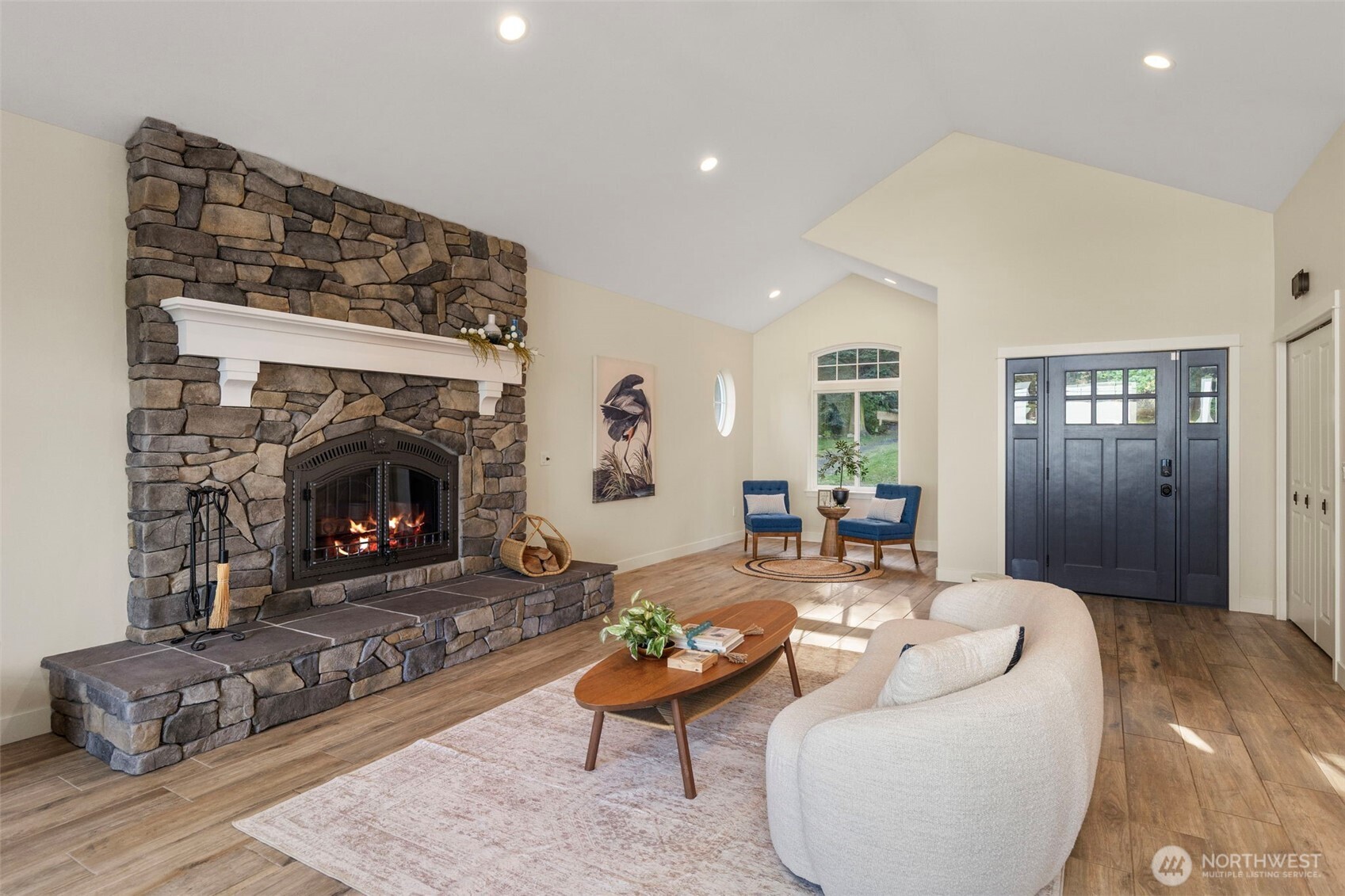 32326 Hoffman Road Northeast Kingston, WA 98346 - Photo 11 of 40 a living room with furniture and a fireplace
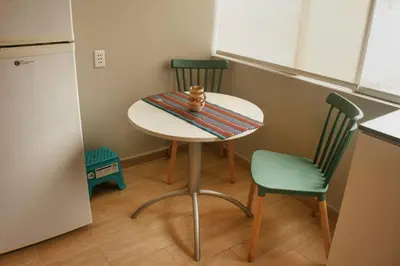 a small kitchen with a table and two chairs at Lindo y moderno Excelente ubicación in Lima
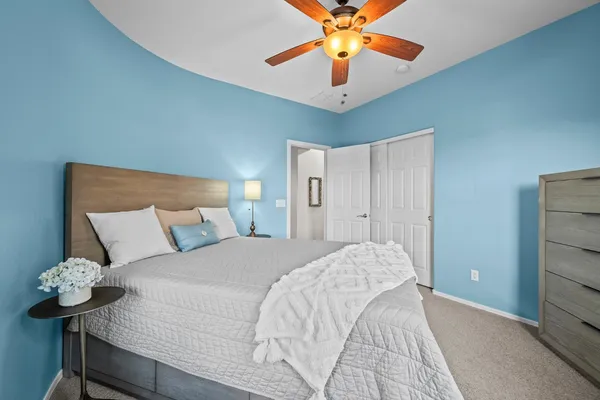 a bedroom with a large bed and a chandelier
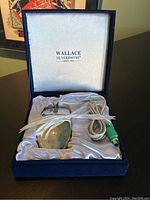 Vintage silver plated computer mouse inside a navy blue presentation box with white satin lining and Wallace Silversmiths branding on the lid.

EXERCISE PROMPT. If you see a picture in the listing, skip it while copying everything else exactly.

OUTPUT.
 32326 Hoffman Road Northeast Kingston, WA 98346 - Photo 11 of 40 a living room with furniture and a fireplace
 a small kitchen with a table and two chairs at Lindo y moderno Excelente ubicación in Lima
 a bedroom with a large bed and a chandelier
 Vintage silver plated computer mouse inside a navy blue presentation box with white satin lining and Wallace Silversmiths branding on the lid.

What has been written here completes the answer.